Introduction to earthquakesWithR

This project was centered around a dataset obtained from the U.S. National Oceanographic and Atmospheric Administration (NOAA) on significant earthquakes around the world. This dataset contains information about 5’952 earthquakes over an approximately 4,000 year time span (data downloaded on the 09.07.2017). The project was the capstone of the course Mastering Software Development in R from Coursera.
The end result of this project is a fully functioning package on GitHub (earthquakesWithR) which can be installed as follows:

# install.packages("devtools")
devtools::install_github("moralmar/earthquakesWithR")
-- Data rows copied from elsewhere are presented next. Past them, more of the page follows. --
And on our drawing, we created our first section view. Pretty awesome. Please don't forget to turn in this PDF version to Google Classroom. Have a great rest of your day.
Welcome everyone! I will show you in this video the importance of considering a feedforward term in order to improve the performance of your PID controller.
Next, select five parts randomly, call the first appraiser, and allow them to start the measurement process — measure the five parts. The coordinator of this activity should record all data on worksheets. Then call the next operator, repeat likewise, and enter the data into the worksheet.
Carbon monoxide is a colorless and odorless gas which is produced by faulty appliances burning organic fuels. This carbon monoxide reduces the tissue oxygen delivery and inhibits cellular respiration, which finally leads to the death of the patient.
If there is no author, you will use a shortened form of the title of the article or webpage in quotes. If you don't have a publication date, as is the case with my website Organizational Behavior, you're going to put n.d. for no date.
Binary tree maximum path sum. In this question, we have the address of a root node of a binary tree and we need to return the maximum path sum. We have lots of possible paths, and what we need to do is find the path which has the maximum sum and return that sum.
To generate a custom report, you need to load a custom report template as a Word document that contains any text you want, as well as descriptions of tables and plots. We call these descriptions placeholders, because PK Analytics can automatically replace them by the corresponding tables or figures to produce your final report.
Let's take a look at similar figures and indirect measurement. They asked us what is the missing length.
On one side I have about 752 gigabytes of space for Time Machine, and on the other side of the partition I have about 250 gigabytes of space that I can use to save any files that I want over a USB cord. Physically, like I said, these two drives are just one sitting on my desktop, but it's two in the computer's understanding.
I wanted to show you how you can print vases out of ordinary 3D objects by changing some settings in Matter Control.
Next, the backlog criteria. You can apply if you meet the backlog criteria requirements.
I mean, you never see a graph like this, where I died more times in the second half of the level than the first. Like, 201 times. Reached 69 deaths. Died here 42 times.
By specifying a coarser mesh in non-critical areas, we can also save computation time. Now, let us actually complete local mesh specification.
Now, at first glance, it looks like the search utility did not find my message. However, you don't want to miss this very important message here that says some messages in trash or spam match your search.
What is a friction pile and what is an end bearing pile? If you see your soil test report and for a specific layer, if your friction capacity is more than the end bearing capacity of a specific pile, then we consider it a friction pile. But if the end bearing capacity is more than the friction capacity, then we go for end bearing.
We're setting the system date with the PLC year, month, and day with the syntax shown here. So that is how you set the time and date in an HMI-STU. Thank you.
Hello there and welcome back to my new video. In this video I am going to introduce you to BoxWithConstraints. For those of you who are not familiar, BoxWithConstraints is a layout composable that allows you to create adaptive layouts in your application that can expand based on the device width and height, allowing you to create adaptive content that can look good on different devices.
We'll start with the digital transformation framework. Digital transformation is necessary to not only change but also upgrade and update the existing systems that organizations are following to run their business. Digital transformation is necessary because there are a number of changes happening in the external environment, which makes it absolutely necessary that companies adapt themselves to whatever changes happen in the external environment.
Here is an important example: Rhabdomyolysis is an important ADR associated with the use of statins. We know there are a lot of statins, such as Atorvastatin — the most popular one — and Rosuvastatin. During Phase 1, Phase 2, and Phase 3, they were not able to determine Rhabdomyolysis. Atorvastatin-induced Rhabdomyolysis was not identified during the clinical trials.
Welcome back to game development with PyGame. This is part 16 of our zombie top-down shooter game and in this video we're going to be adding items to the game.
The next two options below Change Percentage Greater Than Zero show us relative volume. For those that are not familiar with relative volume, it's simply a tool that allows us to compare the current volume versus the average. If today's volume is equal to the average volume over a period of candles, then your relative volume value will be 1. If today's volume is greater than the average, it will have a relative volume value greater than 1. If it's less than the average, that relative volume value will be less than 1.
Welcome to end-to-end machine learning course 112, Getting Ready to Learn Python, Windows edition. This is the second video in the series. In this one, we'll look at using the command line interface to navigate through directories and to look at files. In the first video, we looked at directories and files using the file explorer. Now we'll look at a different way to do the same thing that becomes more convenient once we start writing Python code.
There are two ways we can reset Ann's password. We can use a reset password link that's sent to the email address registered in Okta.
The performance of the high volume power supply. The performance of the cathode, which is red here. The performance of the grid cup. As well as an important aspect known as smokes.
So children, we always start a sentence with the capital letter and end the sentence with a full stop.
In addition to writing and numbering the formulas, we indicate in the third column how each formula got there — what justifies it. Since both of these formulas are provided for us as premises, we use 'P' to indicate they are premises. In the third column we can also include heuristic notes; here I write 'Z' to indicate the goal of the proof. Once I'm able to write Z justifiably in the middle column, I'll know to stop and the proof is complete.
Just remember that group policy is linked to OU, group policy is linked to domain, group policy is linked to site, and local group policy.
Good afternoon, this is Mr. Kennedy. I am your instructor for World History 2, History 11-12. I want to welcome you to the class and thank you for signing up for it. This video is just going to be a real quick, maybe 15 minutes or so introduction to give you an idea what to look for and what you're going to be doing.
The following shall give you an impression what the package can do and where the limits are. We are not going to examine in detail the code here, however, a brief overview of the package itself is:

  • Earth quakes and Timeline - plots a special timelines
  • Earth quakes and Leaflet map - creates an interactive map

and the most important functions (which we will see in the code below), are:

  • geom_timeline() - creates a specific geom for the ggplot2 package
  • geom_timeline_label() - addes labels (top “n” records in magnitudes) to the geom above
  • eq_clean_data() - a function which loads and applies a few cleaning function to the NOAA data set
  • eq_map() - creats a leaflet map and visualizing the earth quakes
  • eq_create_label() - is a helper function, creating a nice pop-ups in the leaflet map

Generally, to create a timeline or an interactive map, we only need to provde two inputs:

  • the country
  • and the date interval of interest

There are a few additional options, but which mainly serve graphical purposes and are not discussed in detail here.
So let’s start with some simple examples and going from there into more complex ones. We’ll start with the timeline functions. And then we’ll take the same data and plug them into the leaflet map.

# required packages
require(earthquakesWithR)

require(magrittr) # for piping operator
require(dplyr) # for filter/subsetting functions
require(ggplot2) # should be obvious :)
require(ggthemes) # for the theme_classic()

Timelines

Let’s start with a few examples with just one and three countries.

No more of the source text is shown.